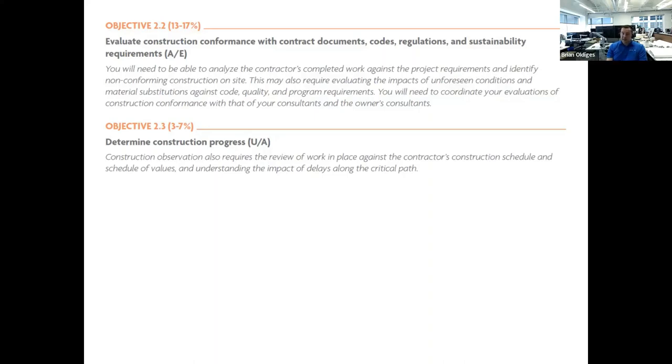Objective 2.3: determine construction progress. Construction observation requires reviewing work in place against the contractor's construction schedule and schedule of values, and understanding the impact of delays along the critical path. As architect, you're often responsible for reviewing the contractor's progress. Contractors will provide schedule values showing, say, they're 30% through the project, and then request up to 30% of payment from the owner.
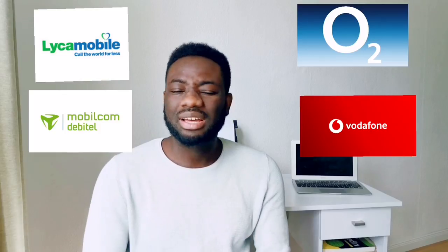The third thing is to quickly get a SIM card. Get a SIM card, register it with your passport, and it will help you do other things. There are a number of telecommunication networks here — O2, Vodafone, Lycamobile, Mobilcom — a wide range of networks to choose from. They offer different kinds of plans, and some involve long-term contracts.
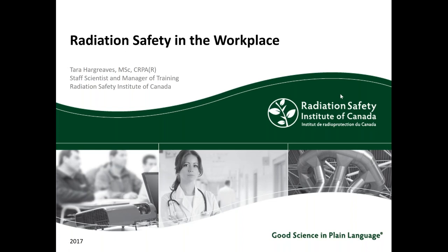Welcome everyone to the Radiation Safety in the Workplace webinar. My name is Tara Hargreaves. I'm the Manager of Training at the Radiation Safety Institute of Canada.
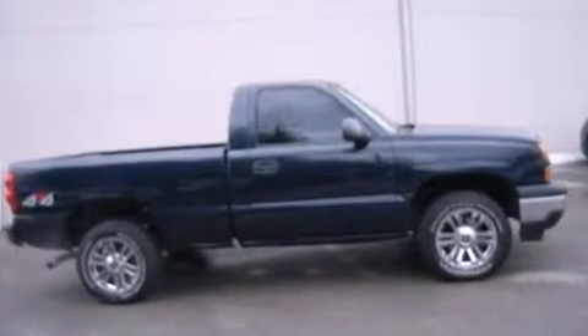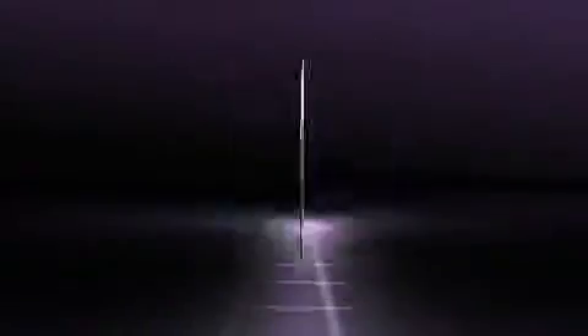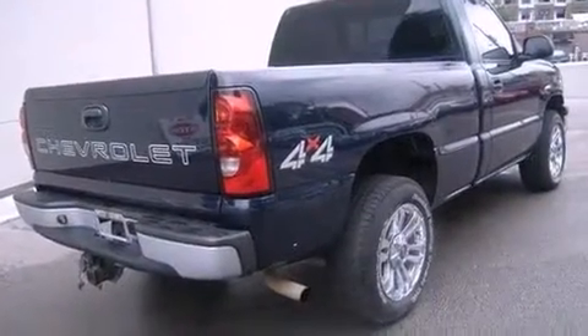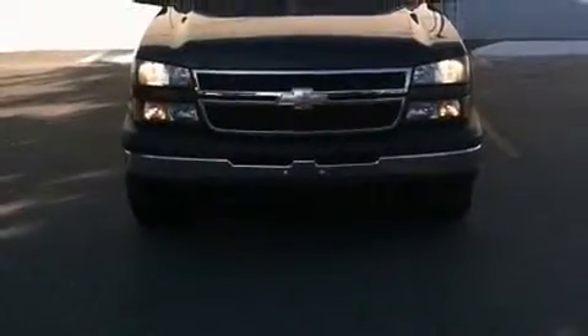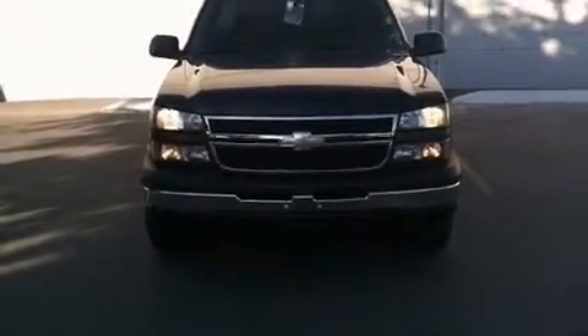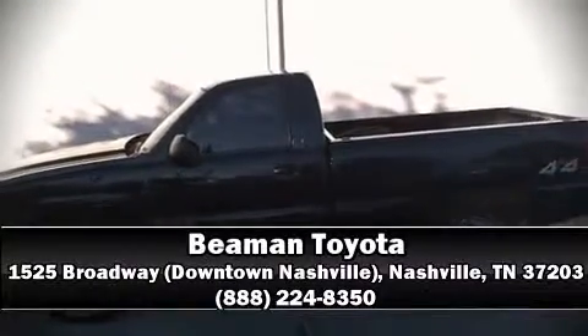Chevrolet ensures the safety and security of its passengers with equipment such as dual front impact airbags with occupant sensing airbag, ignition disabling, and ABS brakes. Our experienced sales staff is eager to share its knowledge and enthusiasm with you. Stop by our dealership or give us a call for more information.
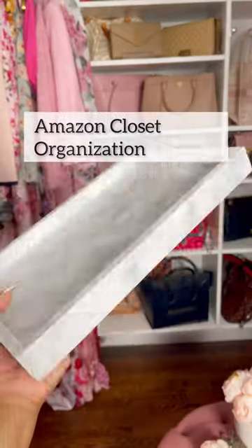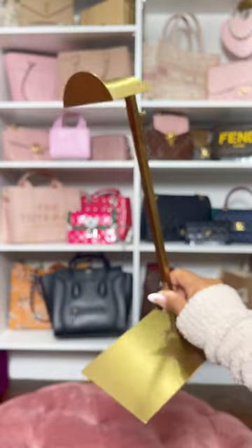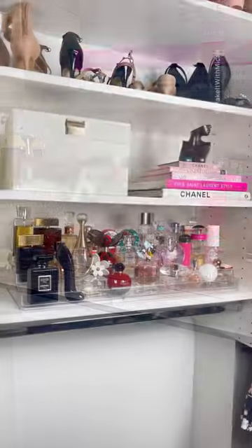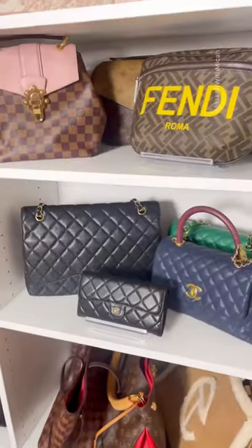I finally finished my closet organization and these are my favorite finds. This marble tray and these gold purse stands make the perfect display items. This spice rack doubles as the perfect perfume stand. I also found these fashion books — these mini stands are great for smaller items.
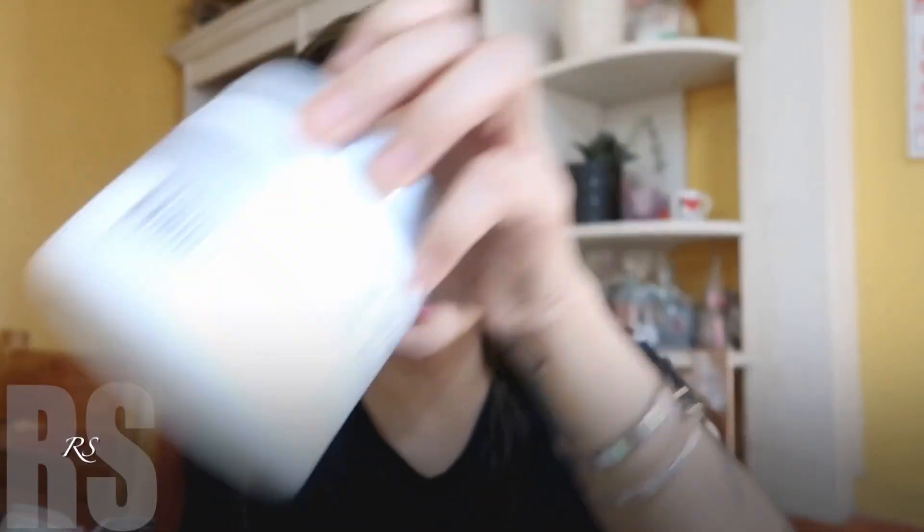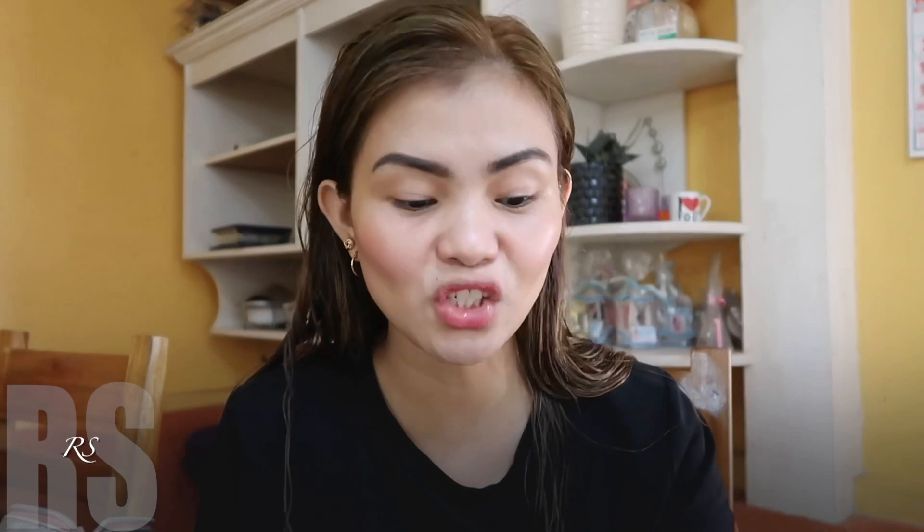So yun guys — ito yung mga hair care products na ginamit ko. Very few lang talaga siya. Super effective ito sa akin — yung Silk Secrets, and yung argan brand. Niro-rotate ko lang yun, and yung hair color ko is Ashley Bio Organic. Tapos na achieve na yung hair color na to. After the whole process, naging okay naman yung hair condition ko. Medyo mahaba na nga yung hair ko right now — hanggang bra line na. And hindi na siya super dead — of course hindi siya perfect kasi super color-treated, but I'm very much happy with my hair.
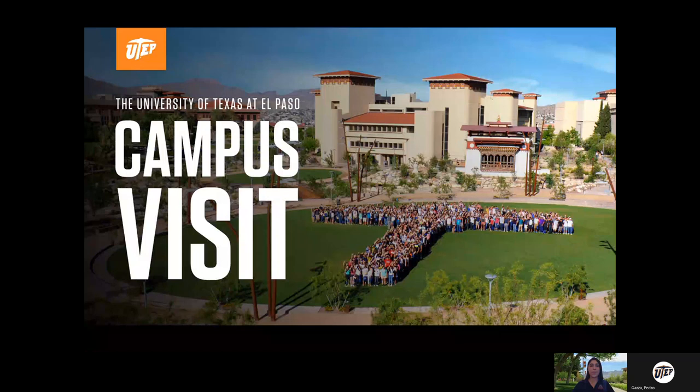Hello and welcome to the University of Texas virtual campus tour visit. My name is America Jaime. I am an admissions counselor here at UTEP. I oversee every part of the admissions process, everything from helping you fill out your application to taking all your paperwork, and ultimately admitting you and getting you started in your courses.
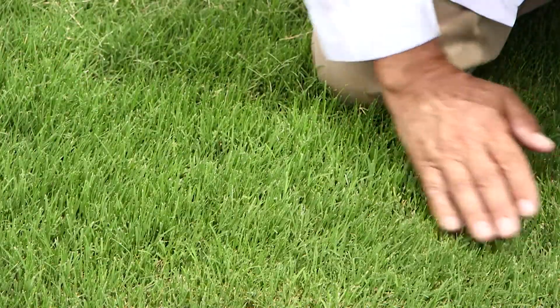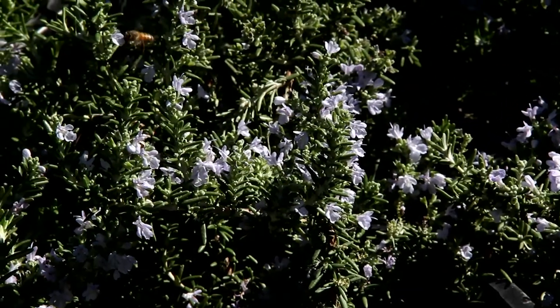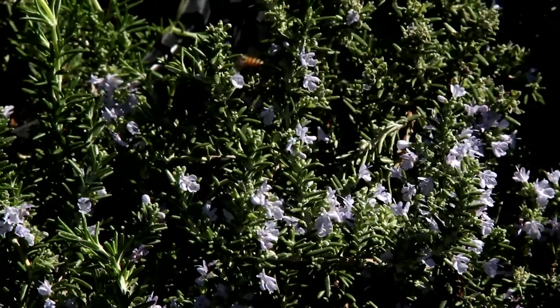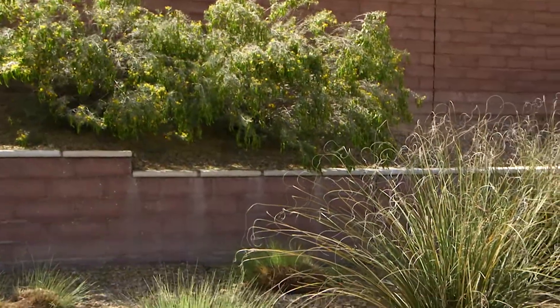Turf grass thrives in sunny areas, but most types do not grow well in dense shade. In shady spots, plant shade-tolerant ground covers instead of turf. Also use ground covers on slopes where grass is difficult to maintain.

Prompt
Only the pictures are to be dropped; the rest of the material above must be duplicated exactly.

Reply to the exercise
Objective 2.3: determine construction progress. Construction observation requires reviewing work in place against the contractor's construction schedule and schedule of values, and understanding the impact of delays along the critical path. As architect, you're often responsible for reviewing the contractor's progress. Contractors will provide schedule values showing, say, they're 30% through the project, and then request up to 30% of payment from the owner.
The third thing is to quickly get a SIM card. Get a SIM card, register it with your passport, and it will help you do other things. There are a number of telecommunication networks here — O2, Vodafone, Lycamobile, Mobilcom — a wide range of networks to choose from. They offer different kinds of plans, and some involve long-term contracts.
Welcome everyone to the Radiation Safety in the Workplace webinar. My name is Tara Hargreaves. I'm the Manager of Training at the Radiation Safety Institute of Canada.
Chevrolet ensures the safety and security of its passengers with equipment such as dual front impact airbags with occupant sensing airbag, ignition disabling, and ABS brakes. Our experienced sales staff is eager to share its knowledge and enthusiasm with you. Stop by our dealership or give us a call for more information.
I finally finished my closet organization and these are my favorite finds. This marble tray and these gold purse stands make the perfect display items. This spice rack doubles as the perfect perfume stand. I also found these fashion books — these mini stands are great for smaller items.
So yun guys — ito yung mga hair care products na ginamit ko. Very few lang talaga siya. Super effective ito sa akin — yung Silk Secrets, and yung argan brand. Niro-rotate ko lang yun, and yung hair color ko is Ashley Bio Organic. Tapos na achieve na yung hair color na to. After the whole process, naging okay naman yung hair condition ko. Medyo mahaba na nga yung hair ko right now — hanggang bra line na. And hindi na siya super dead — of course hindi siya perfect kasi super color-treated, but I'm very much happy with my hair.
Hello and welcome to the University of Texas virtual campus tour visit. My name is America Jaime. I am an admissions counselor here at UTEP. I oversee every part of the admissions process, everything from helping you fill out your application to taking all your paperwork, and ultimately admitting you and getting you started in your courses.
Turf grass thrives in sunny areas, but most types do not grow well in dense shade. In shady spots, plant shade-tolerant ground covers instead of turf. Also use ground covers on slopes where grass is difficult to maintain.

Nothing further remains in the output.